クロアチア・イスタンブール旅行 10 イスタンブールへ

6月26日(金曜日)

 

 朝4時に起きなければならないとなれば、小心者の私は、3時に目が覚める。残りものの卵をゆで、パンにしょっぱい生チーズとパセリをはさんでお弁当作り。今思えばオリーブ油をパンに塗ればよかったのだがその時は思いつかなかった!なんだかんだでオリーブ油は三分の一を残して消費されていたのだったが。いやー、良く使いましたよ、私。ほほほほほ。


 バス・センターまで5分もかからない。と、バスがいない!と思ったが、それは同じエアポート・バスであってもエアポート・マイクロ・バスだったから、であった。乗る人が少ないのに大きいの出しても仕方ないもんねー。

 ところでエアポート・バスの運転手の助手席には、若い男の子が乗っていて、運転手の話をうんうんとおとなしく聞いていた。こういう場合は、助手の方がしゃべってるものだが、普段と逆だった。助手は途中でバスを降りていった・・・。 助手じゃなくて、「どうせなら乗ってけよ!」みたいな感じで運転手に言われて乗ってた、と。


 旧市街行きのバスでも、そこに100人いたら102人は観光客で、103人目が運転手、みたいな土地柄なのである。クロアチア人がクロアチア人を恋しくなっても仕方ない。

 ドブロブニクの空港まで30分ほど、バスからの眺めは、やはり美しかった。空港直前になって、巨大なホテルを擁する村があった。プール付きのホテルを、このときになって初めて見た。


 ところで、ドブロブニク魔女の宅急便の舞台として使われているらしい。昔見て内容は殆ど覚えてはいないが、パン屋が出てきたことは覚えている。クロアチアで目立つのはパン屋だったし、スプリットから先、どこに行ってもまずパン屋を見た。バス停にはパン屋、船着場にもパン屋で、そうしてみれば同じものを宮崎駿も見たのだった。これは感激、とかいうより納得、というものだった。


 後は。
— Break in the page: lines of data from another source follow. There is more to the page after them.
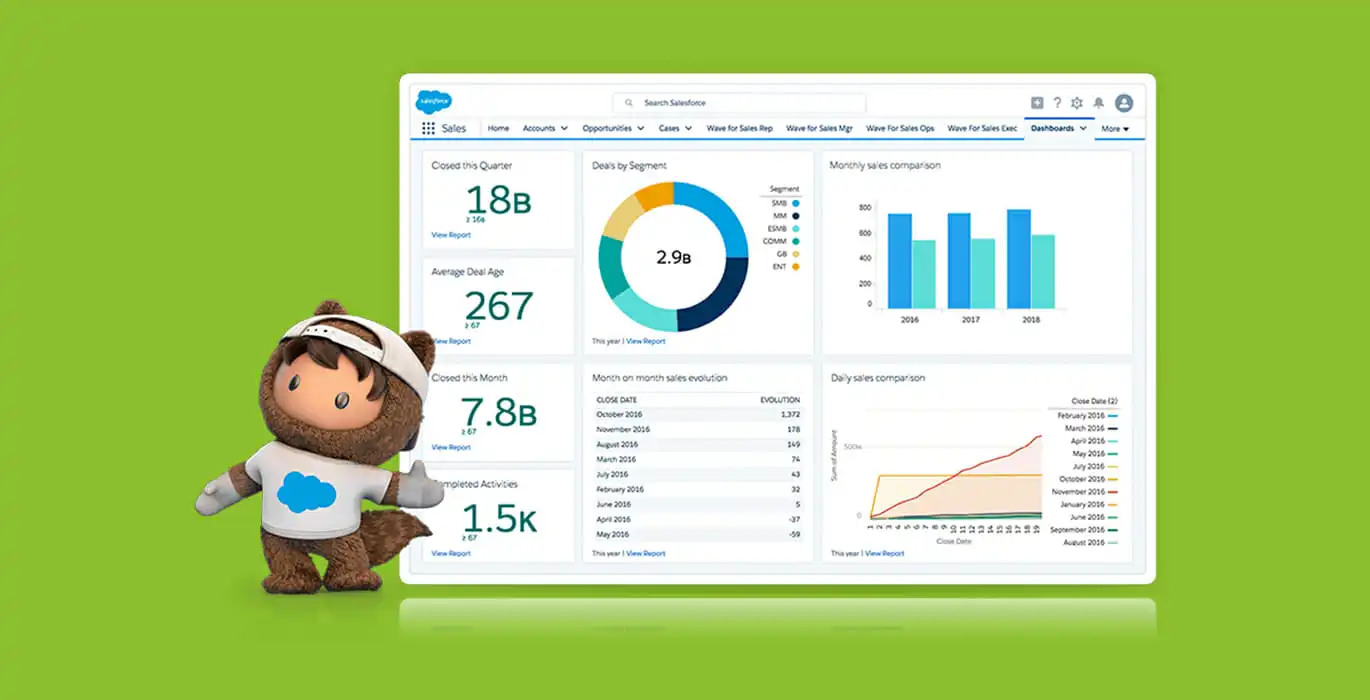 dashboard di salesforce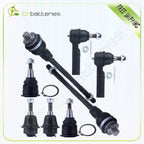Set of 8 Tie Rod Ends Ball Joints for GMC Suburban 2500 (2001–2011)
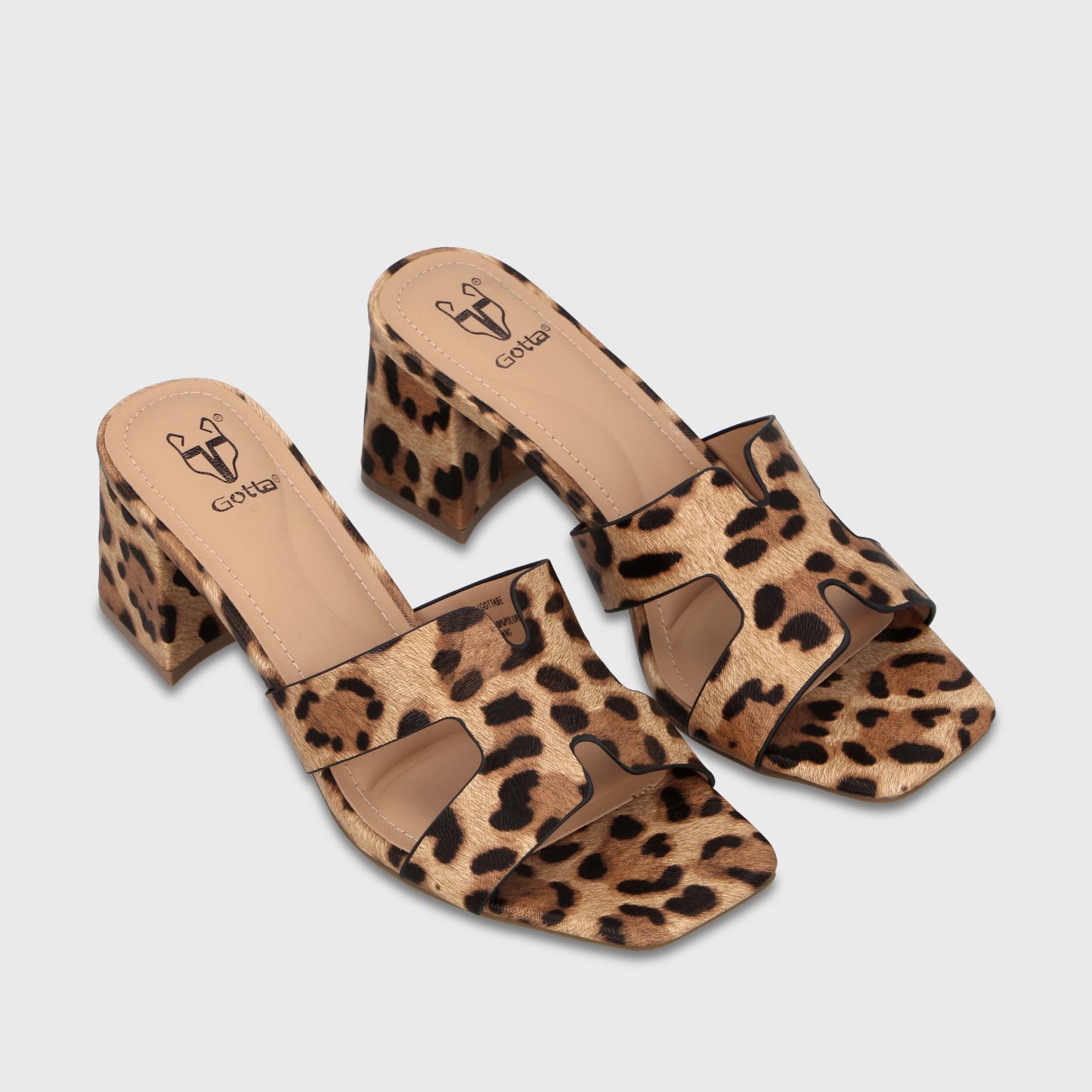 Sandalia Taco Negra Mujer 64030 - Gotta Perú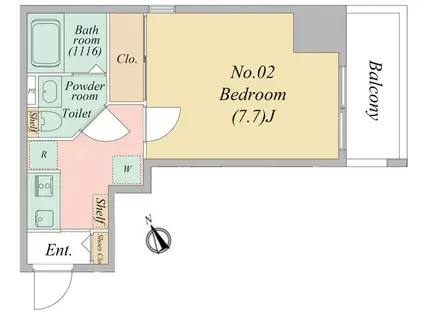 REZARIA KITASENJU(1K/10階)の間取り写真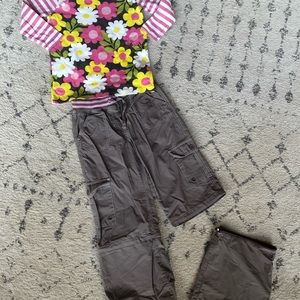 Mini Boden girls flower power shirt 10 12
全く余談だが、妹の友達がフランス人と結婚してて、休日には森に行って家族でカタツムリ狩りをして、その日はエスカルゴをおなかいっぱい食べます、とのことだった。日本のカタツムリでそんなことを想像もしようがないのだが、スプリットに向かう道で、前夜の雨にわらわらと大量に出てきたカタツムリを見て、納得した。同じカタツムリでも肉質が違うのである。日本のカタツムリは塩を振ったら半分以下になってしまいそうだが、クロアチアのカタツムリの肉質は、アワビみたいにみっちりしていたのである。あれならにんにくバターで焼いても身減りが少なくて済むに違いなかった。いやあ本当に驚きました。


 ドブロブニク空港。荷物を預けようとしたら、私たちの前はバックパッカー女子だった。元々体格もいいが、背中の荷物のほかにもうひとつ大きな荷物を持っている。手に持つ大荷物は15kg,とカウンターの表示に出た。背中のそれはと見ていたら、カバーを出して荷物を覆い預ける。これが15kg。「超過料金が必要だな。」と夫。問題はソレじゃないでしょ!その荷物に何が入ってるかであり、いくら大柄だからと言って、これを持ち運ぶとは頑丈にもほどがある、ってことじゃないのか!?・・・もしかすると、鍋釜まで持ち歩いているのかも??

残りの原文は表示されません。